Feminists we’re calling you.
Please report to the front desk.
Let’s name this phenomenon.
It’s too dumb to bring us down.
This is more of a general lament than a specific incident, but it’s focused on the idea that in fifty plus years of feminism and the women’s movement, we’re still struggling to move forwards consistently. Even today that’s the case. The “gay marriage in Vermont” line comes from Vermont making news for legalizing civil unions. Meanwhile, today 35 states offer same-sex marriage, with an additional ten that were approved but suspended pending court appeals. Meanwhile, Michigan and Arkansas have been in the news lately for their virulently anti-gay discriminatory bills, and what’s scary is how much momentum seems to be behind them. One step forward five steps back indeed.
Moving on from Le Tigre, the mix CDs also held quite a few songs from my favorite band of all time, Sleater-Kinney. Again, these are songs that were written almost fifteen years ago, but they’re singing about social issues we’re still struggling with today.
Sleater-Kinney’s “#1 Must Have” is an awesome song all by itself, as a slice of how it felt to be a woman in rock in the early 2000s after the riot grrrl movement had been underground for years. It was also written in the aftermath of Woodstock ’99, which is key to the example lyrics, as well as the whole song.
I’ve been crawling up so long
On your stairway to heaven
And now I no longer believe that I wanna get in
And will there always be concerts where
Women are raped
Watch me make up my mind instead of my face
The number one must have
Is that we are safe
(Everywhere you go teenage
Is the rage
Inside your pants
And on the front page
Everywhere you go it’s die or be born
If you can’t decide then
It’s your own war)
Obviously, women’s safety, sexual assault, and the expectation of safety in everything from going to a party at a frat house to riding in an Uber car have been in the headlines lately. The lament “will there always be concerts where women are raped” applies today to any number of everyday activities. Nothing has changed in the last fifteen years, and that song still applies today.

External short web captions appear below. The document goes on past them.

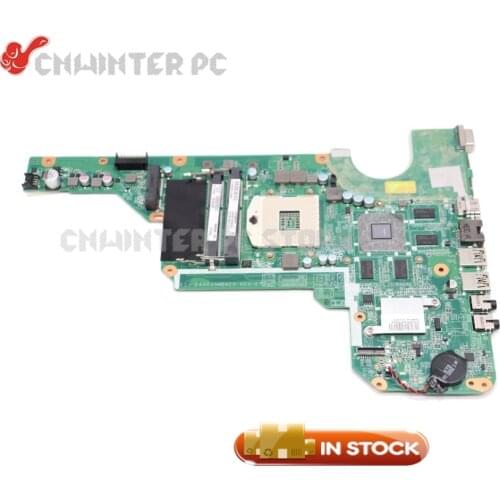 NOKOTION 680569-501 680569-001 680570-001 680570-501 For Hp pavilion g4 g4-2000 g6 g6-2000 g7 g7-2000 Laptop Motherboard HD7670M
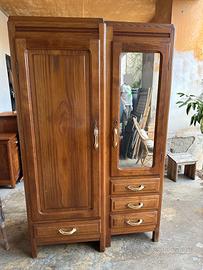 Armadio guardaroba in legno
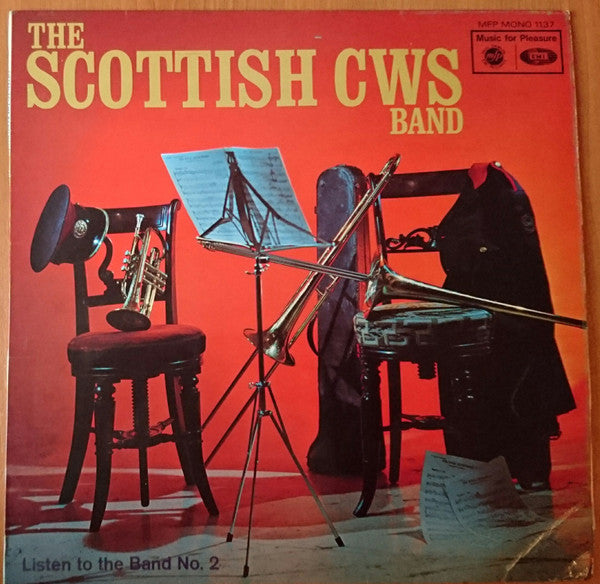 The Scottish CWS Band : Listen To The Band No. 2 (LP, Mono)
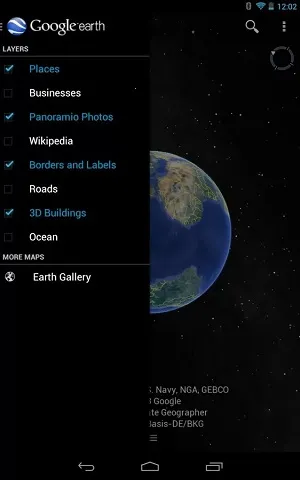 google earth 国内(高清地图导航)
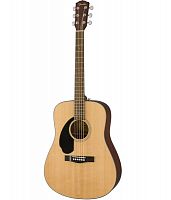 Акустична гітара FENDER CD-60S LH WN NATURAL - JCS.UA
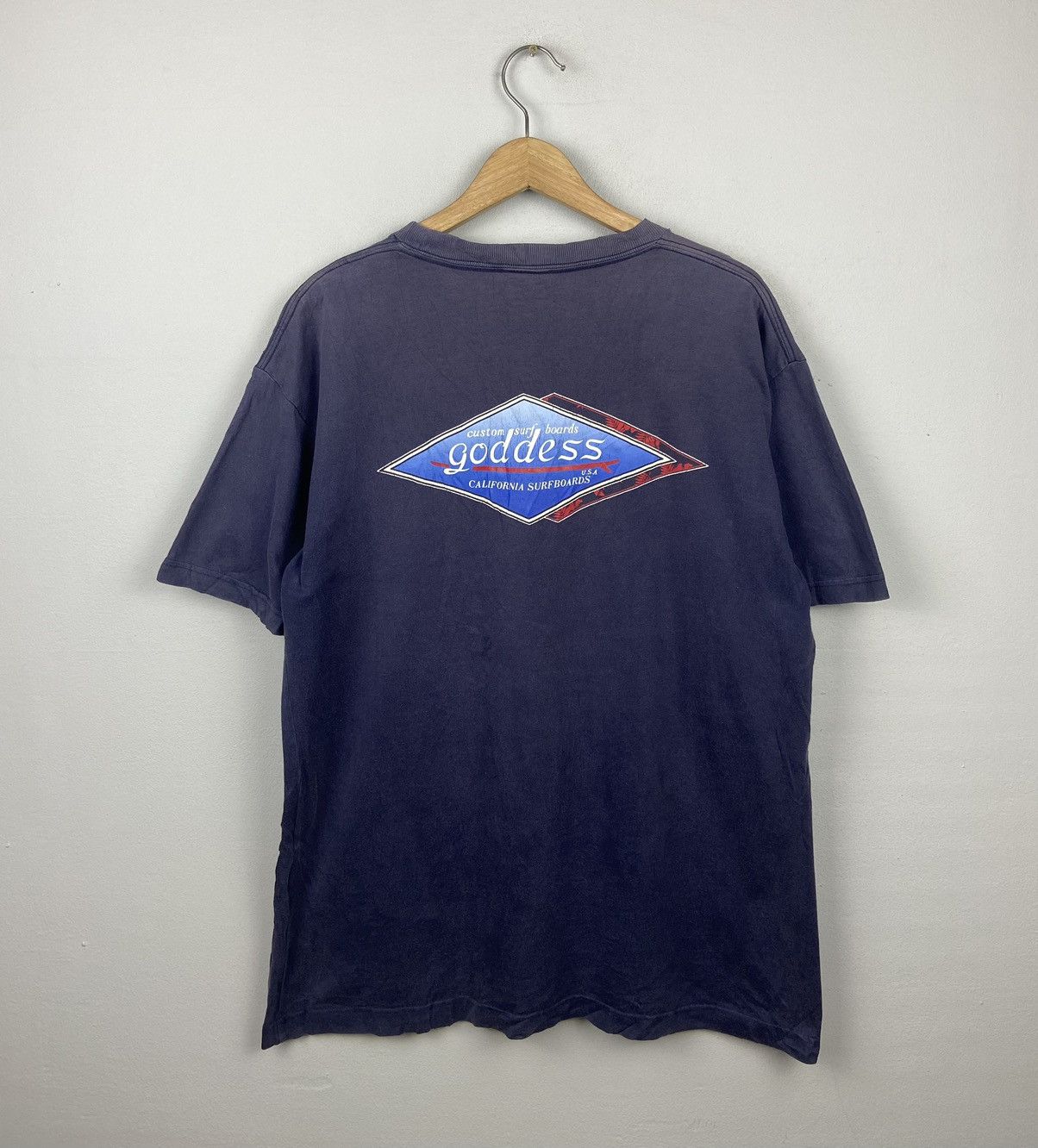 Vintage 90s Goddess California Surf Tee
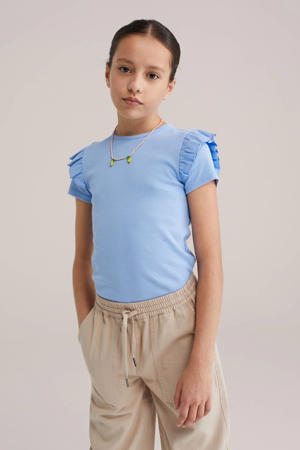 T-shirt lichtblauw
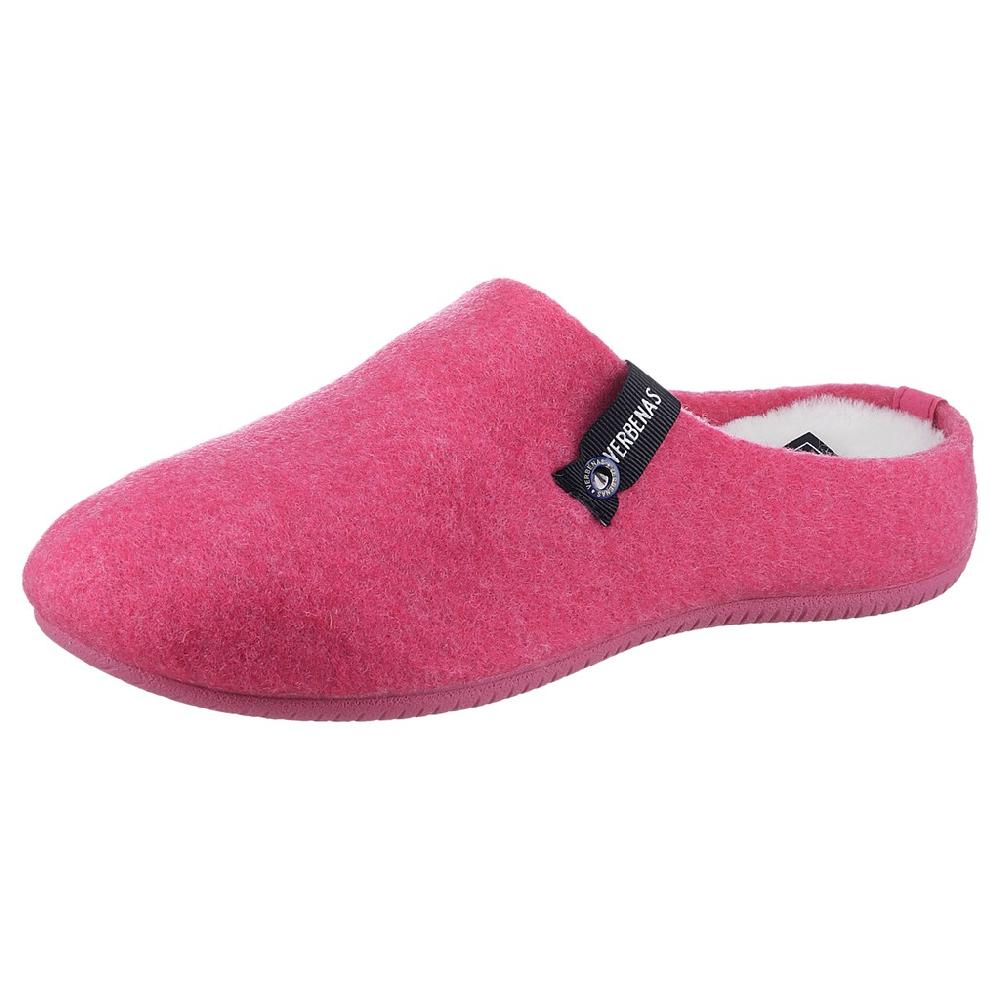 VERBENAS Pantoffel »York Fieltro« Hausschuh Homeslipper Clog mit Warmfutter-Innensohle online kaufen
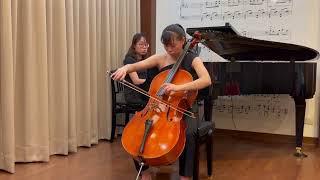 J. Haydn : Cello Concerto No. 2 in D Major, Hob. Viib/2 Huang Wei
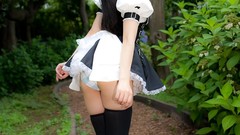 Japanese models pangya kooh panties cosplay Lenfried
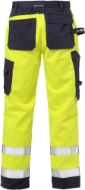 Afbeeldingen van FRISTADS Flame High Vis Werkbroek Klasse 2 2584 FLAM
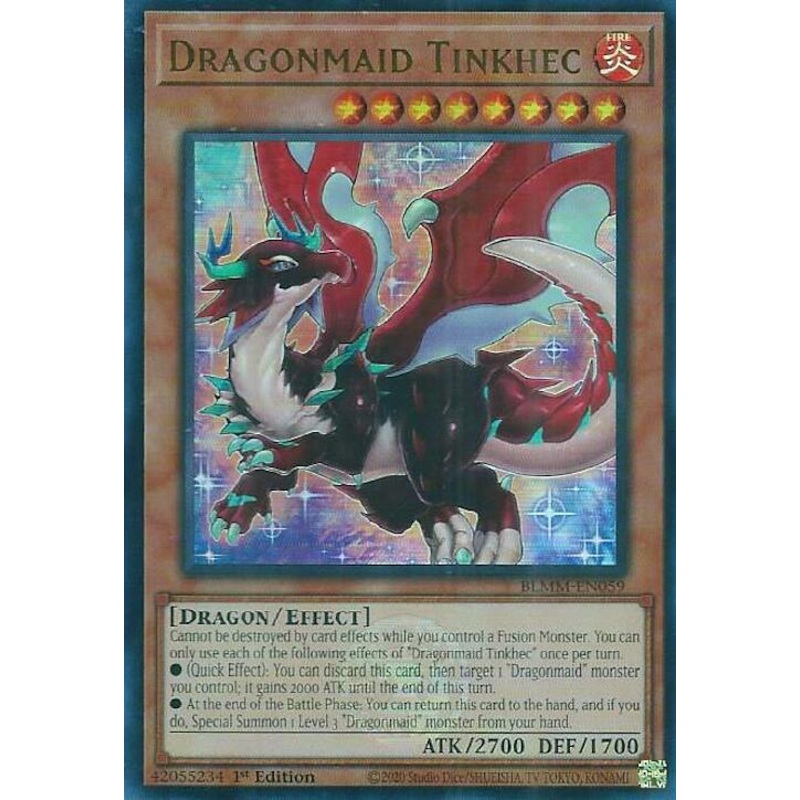 Dragonmaid Tinkhec [BLMM-EN059] Ultra Rare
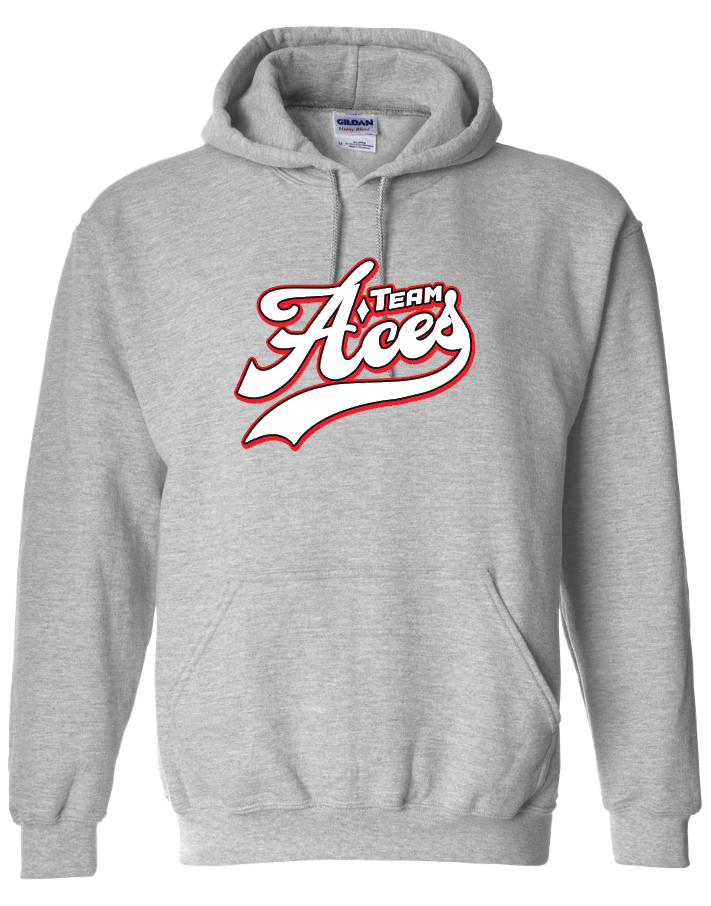 Aces Gildan Heavy Blend Hooded Sweatshirt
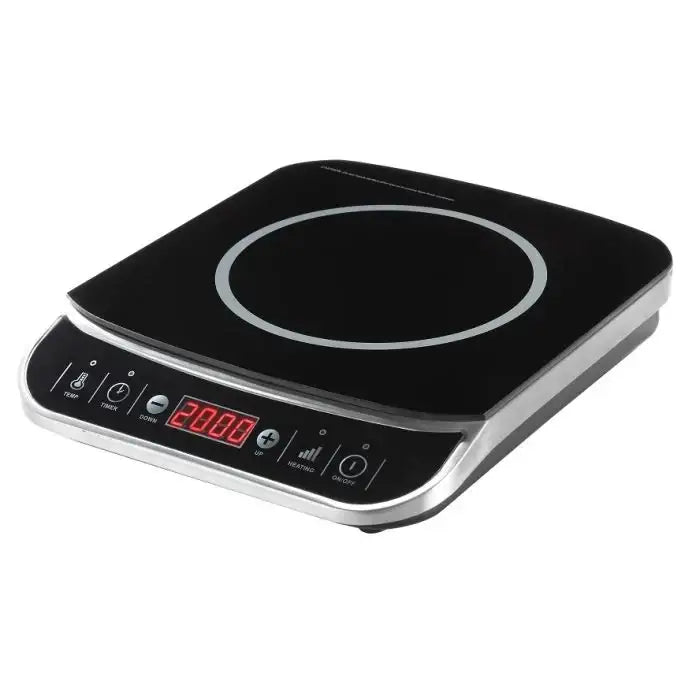 Induktionsherd - Tischgerät - 293x350x60 mm - 2 kW - Gastro-Bedarf24 GmbH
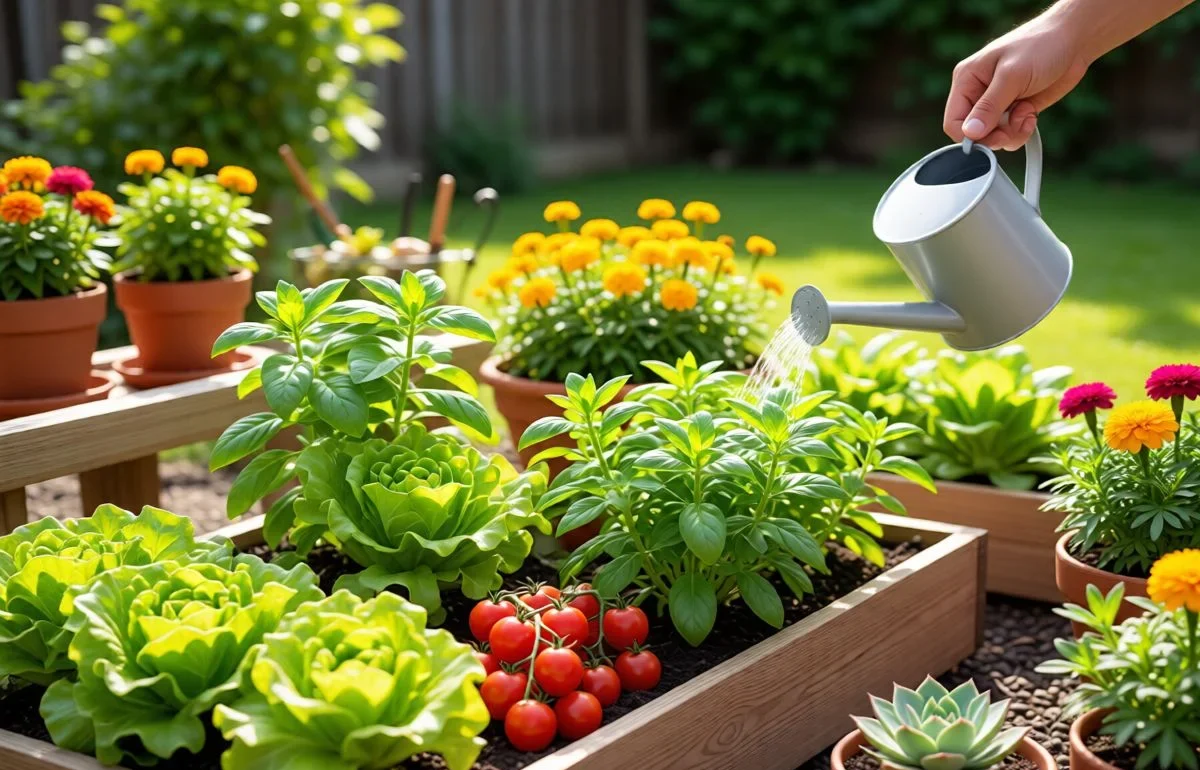 easy garden plants for beginners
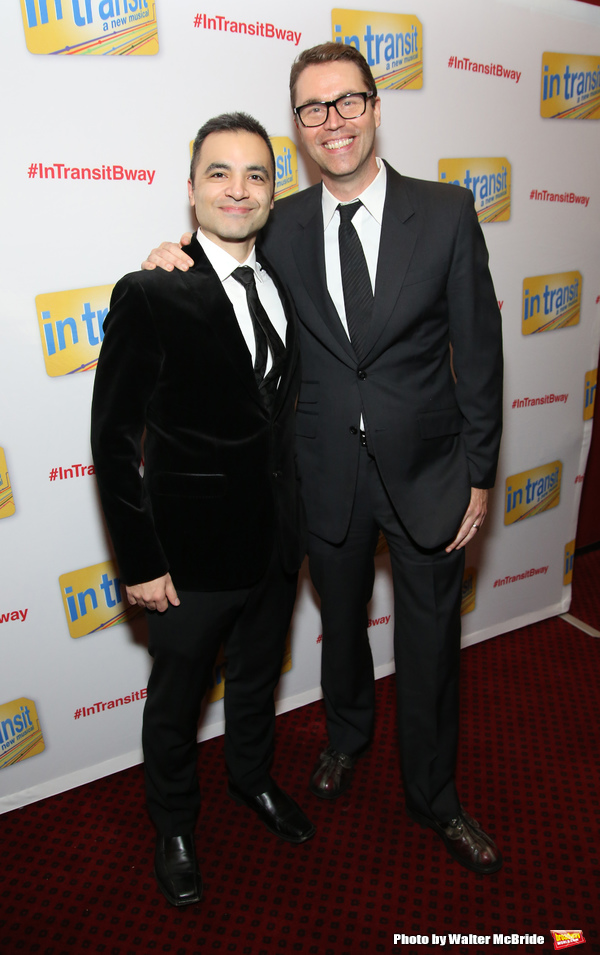 Photo Coverage: IN TRANSIT Arrives on Broadway! Image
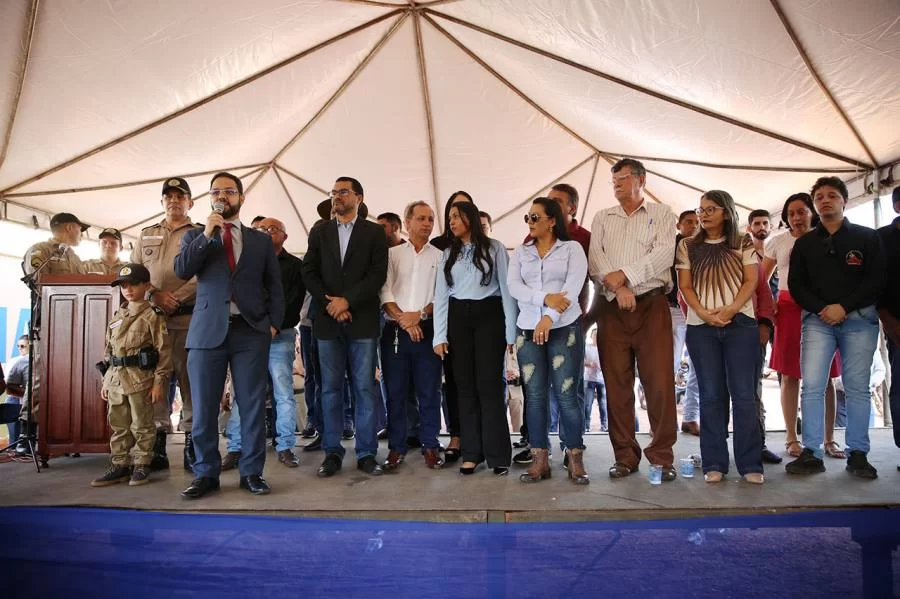 Com o apoio do JudiciÃÂ¡rio e da comunidade Miranorte ganha sede prÃÂ³pria para a PM e central de videomonitoramento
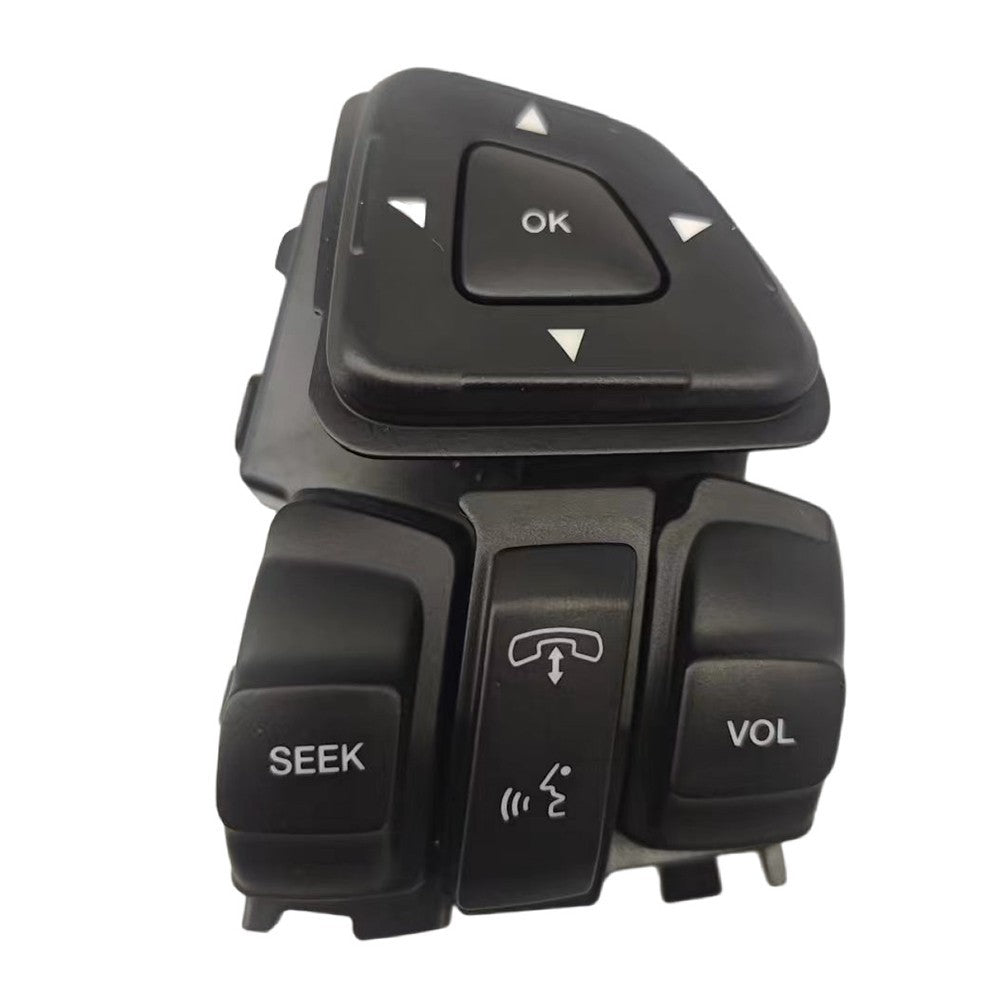 Black ABS Car Steering Wheel Switch for Ford For Edge 1115 BT4T9E740CFW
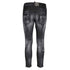 Dsquared2 Skater Jean Reinforced Ripped Black Jeans W34 / 32L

Finally, Sleater-Kinney had one more song that really struck me as prescient. Supposedly, the band saw a video of a woman being hit by a train on a loop in a bar; whether this was a legitimate video, a loop from a movie, or something else it’s hard to say. But what they took from it became a song that holds up a mirror to the worst of our reality TV obsessions, which as we all know has only gotten worse and not better over the years:
http://www.youtube.com/watch?feature=player_embedded&v=1AA2bNHUheg
Was it a lie?
Did it fill your head
Did it entertain?
Will you feel alive
at the end of it?
When the collision came
She died right away
Her body flung almost sixty feet
And as she split in two
Was she coming straight for you
And do you have a camera for a face?
And on that sad note, here’s my hope: that in 15 more years, when I stumble across this stack of CDs again, that I listen to it and think “Wow, the world was a much sadder place then..I’m glad we’ve made it better.” It won’t be easy, but as we head into 2015 I hope we can try.